▶ **DIRECTIONS FOR THIS TASK**:
In the material below, find the line with "NUMBERS SWIRL five" and the line with "rienda「フロントZIPリブニットトップス」|ニット・セーター|", then output both and every line between them exactly, omitting pictures.

▶ **SUPPLIED DATA**:
---
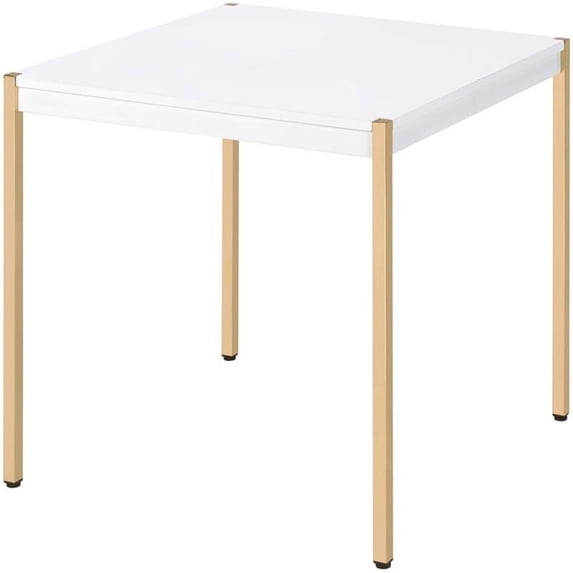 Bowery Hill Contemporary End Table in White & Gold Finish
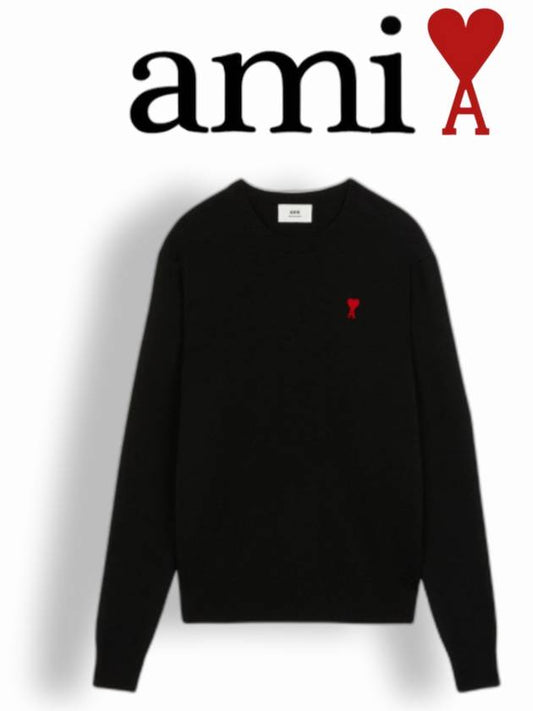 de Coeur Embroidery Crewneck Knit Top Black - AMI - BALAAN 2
---
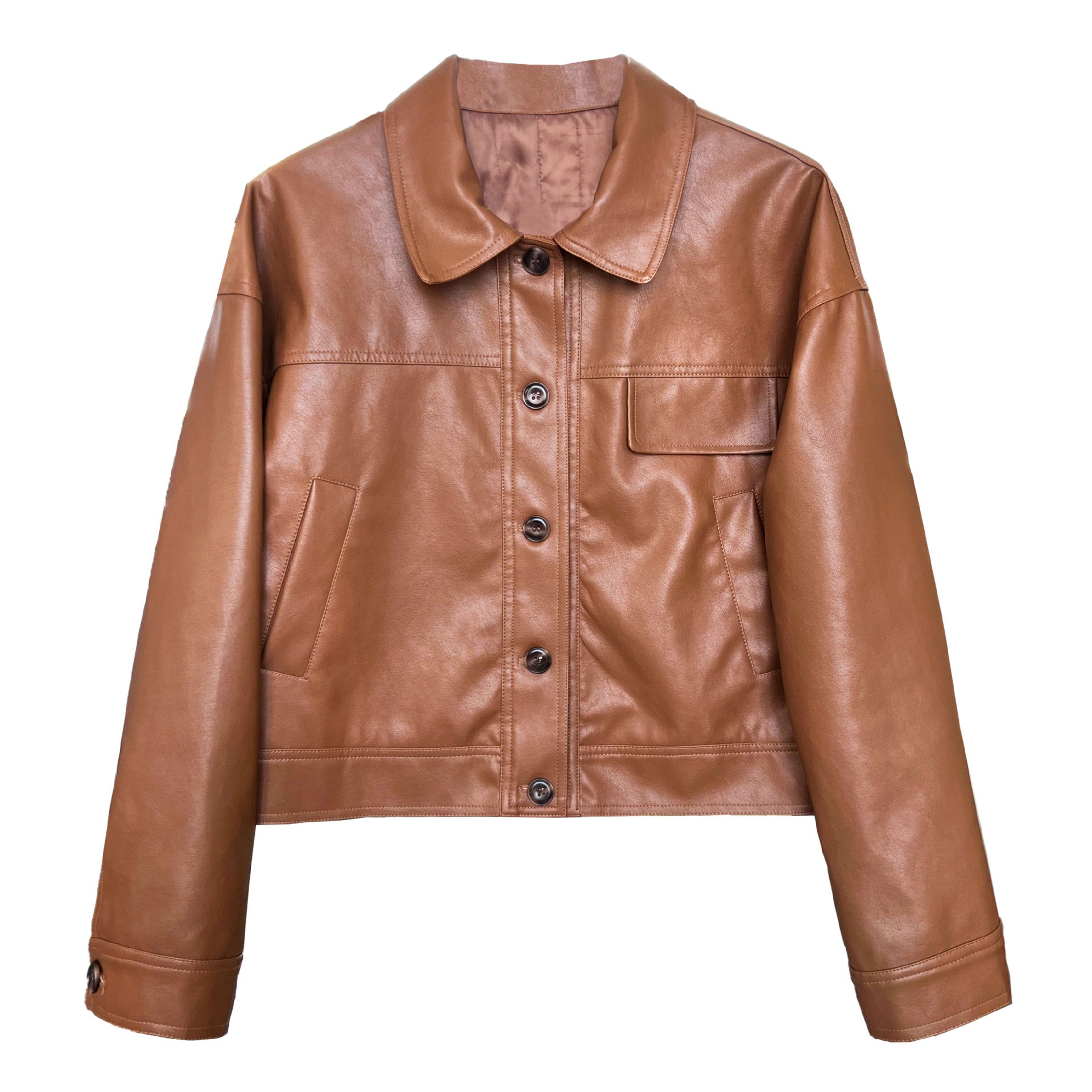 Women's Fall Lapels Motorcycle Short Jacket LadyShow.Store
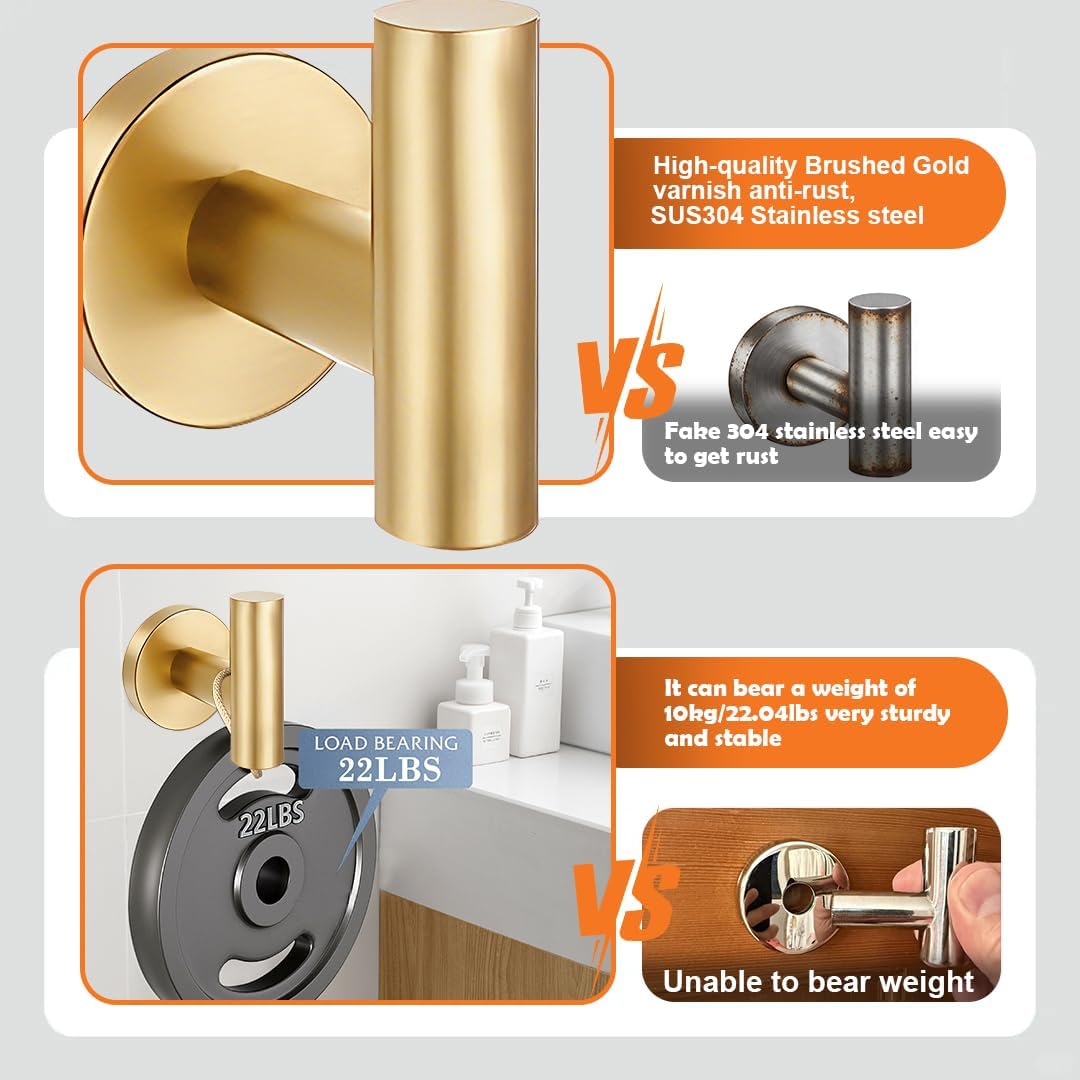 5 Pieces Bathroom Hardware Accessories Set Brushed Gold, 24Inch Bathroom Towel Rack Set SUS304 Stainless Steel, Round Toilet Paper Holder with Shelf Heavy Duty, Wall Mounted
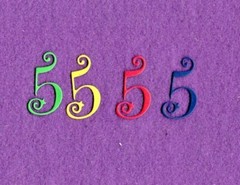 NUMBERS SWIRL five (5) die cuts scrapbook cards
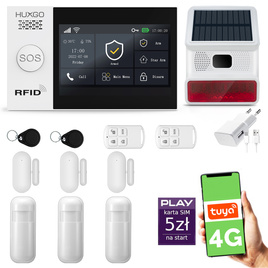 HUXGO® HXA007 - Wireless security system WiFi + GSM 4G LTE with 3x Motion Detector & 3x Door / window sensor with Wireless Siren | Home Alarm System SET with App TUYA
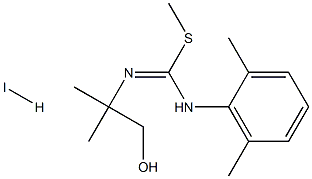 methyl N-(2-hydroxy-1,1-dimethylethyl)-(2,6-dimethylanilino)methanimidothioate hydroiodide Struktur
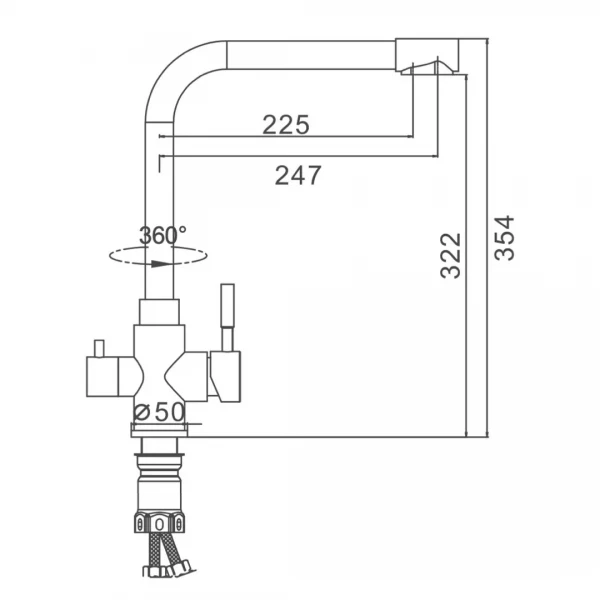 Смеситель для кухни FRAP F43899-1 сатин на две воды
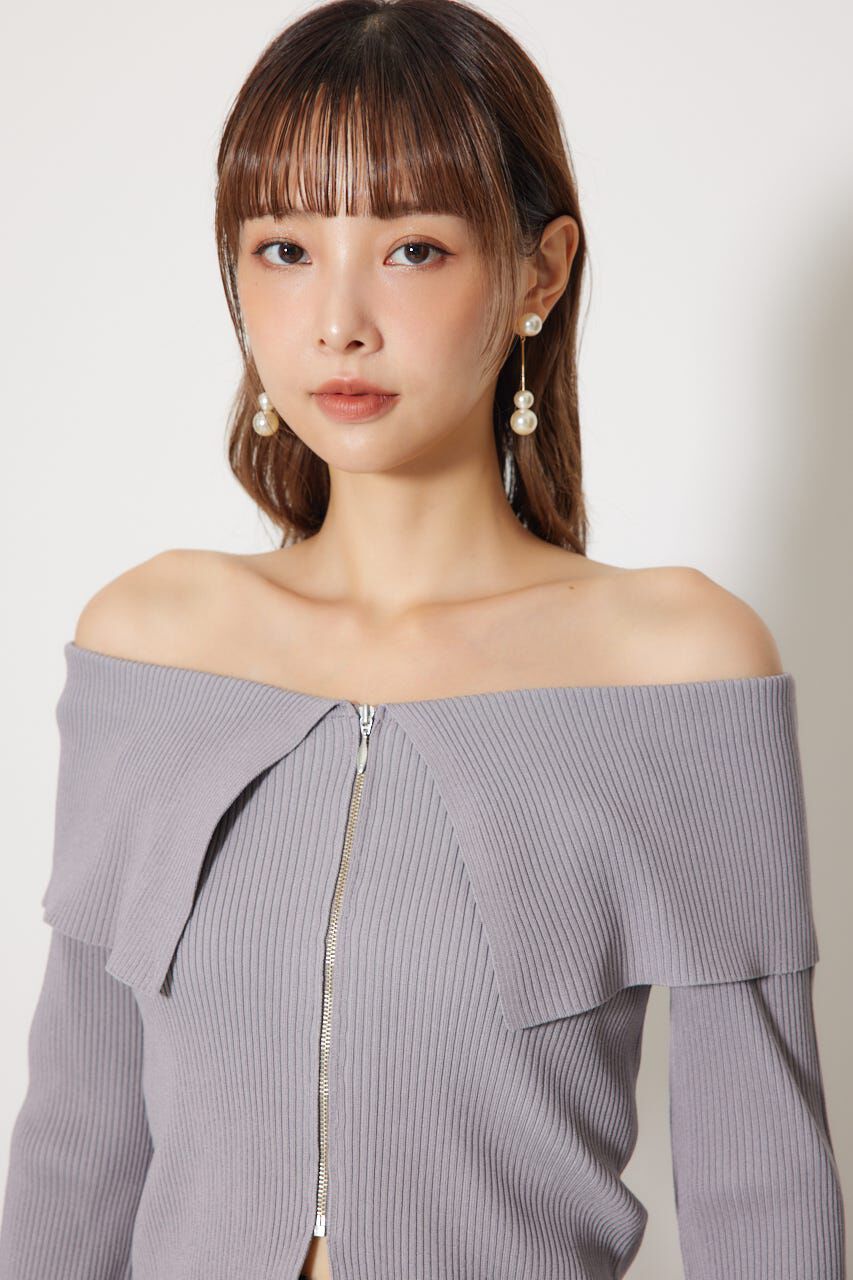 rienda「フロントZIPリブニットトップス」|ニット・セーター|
---
▶ **ANSWER BELOW**:
 NUMBERS SWIRL five (5) die cuts scrapbook cards
 HUXGO® HXA007 - Wireless security system WiFi + GSM 4G LTE with 3x Motion Detector & 3x Door / window sensor with Wireless Siren | Home Alarm System SET with App TUYA
 methyl N-(2-hydroxy-1,1-dimethylethyl)-(2,6-dimethylanilino)methanimidothioate hydroiodide Struktur
 Смеситель для кухни FRAP F43899-1 сатин на две воды
 rienda「フロントZIPリブニットトップス」|ニット・セーター|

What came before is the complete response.